「捕らわれる」「捉われる」「囚われる」の違いは?意味や使い方を例文付きで解説!

「捕らわれる」「捉われる」「囚われる」――どれも「とらわれる」と読む言葉ですが、意味や使い方に違いがあるのをご存じでしょうか?

「どの漢字を使えばいいのか迷う」「文章に書いたときに違和感がないか心配」など、同音異義語ならではの悩みを抱える方も多いはずです。

この記事では、以下のような疑問を解決します:

  • 3語の意味と違いがひと目で分かる比較表
  • それぞれの使い方と例文
  • 誤用を避けるポイントや判断のコツ

迷いやすい表現だからこそ、正しい理解が文章力アップにつながります。

ぜひ最後までご覧ください。

目次

「捕らわれる」「捉われる」「囚われる」の違いは?

「捕らわれる」「捉われる」「囚われる」は、すべて「とらわれる」と読む同音異義語です。

しかし、それぞれの意味や使い方には微妙な違いがあり、正しく使い分けることが求められます。

最初に3語の違いをざっくりと把握し、後の理解を深めるための土台を築いていきましょう。

まず結論!3語の使い分けの概要

「捕らわれる」「捉われる」「囚われる」の3語は、いずれも“何かに拘束されて自由を失う”という点で共通していますが、拘束の種類やニュアンスが大きく異なります。

表現 意味の特徴 用いられる文脈 例文
捕らわれる 物理的・身体的な拘束 警察、戦争、犯罪 逃走犯が警察に捕らわれた。
捉われる 心理的・思考的な拘束 固定観念、感情、考え 過去の失敗に捉われて前に進めない。
囚われる 精神的・感情的に支配される様子 恐怖、愛、欲望など 恐れに囚われて動けなくなった。

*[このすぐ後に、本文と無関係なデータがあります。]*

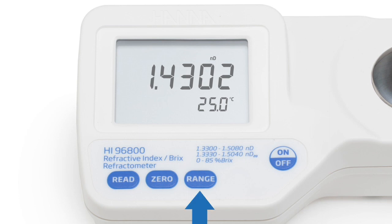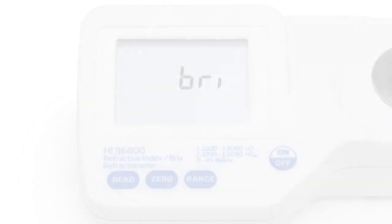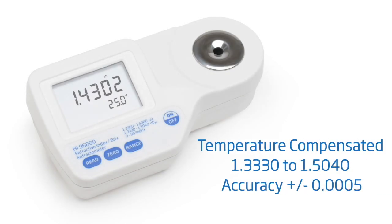The range key can be used to switch between temperature compensated, non-temperature compensated, and percent brix readings. The appropriate tag for the range selected will be displayed. For temperature compensated readings, the refractometer will display results between 1.3330 to 1.5040, with an accuracy of plus or minus 0.0005.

これらの使い分けを押さえることで、文章の精度や説得力が大きく向上します。

特にビジネスや教育の現場では、微妙な言葉選びが重要です。

「捕らわれる」「捉われる」「囚われる」の読み方は共通

「捕らわれる」「捉われる」「囚われる」は、いずれも読み方は「とらわれる」であり、音だけでは区別がつきません。

そのため、漢字による意味の違いをしっかり理解して使い分ける必要があります。

  • 「捕らわれる」:動詞「捕らえる」から派生。捕まえる、つかまるという意味。
  • 「捉われる」:動詞「捉える」から派生。考えや感情にとらわれる。
  • 「囚われる」:名詞「囚人」にも使われる「囚」。精神的な囚われ。

英語での違いも確認してみましょう:

日本語 英語表現例
捕らわれる be captured, be arrested
捉われる be fixated on, be obsessed with
囚われる be imprisoned (figuratively), be trapped emotionally

このように、英語でもニュアンスは異なり、それぞれ適切な訳語があります。
日常会話でも文章表現でも、相手に正確な意味を伝えるためには、漢字の選び方が大切です。

「捕らわれる」の意味と使い方

「捕らわれる」は、誰かに身体的に拘束されたり、自由を奪われたりする状況を表す言葉です。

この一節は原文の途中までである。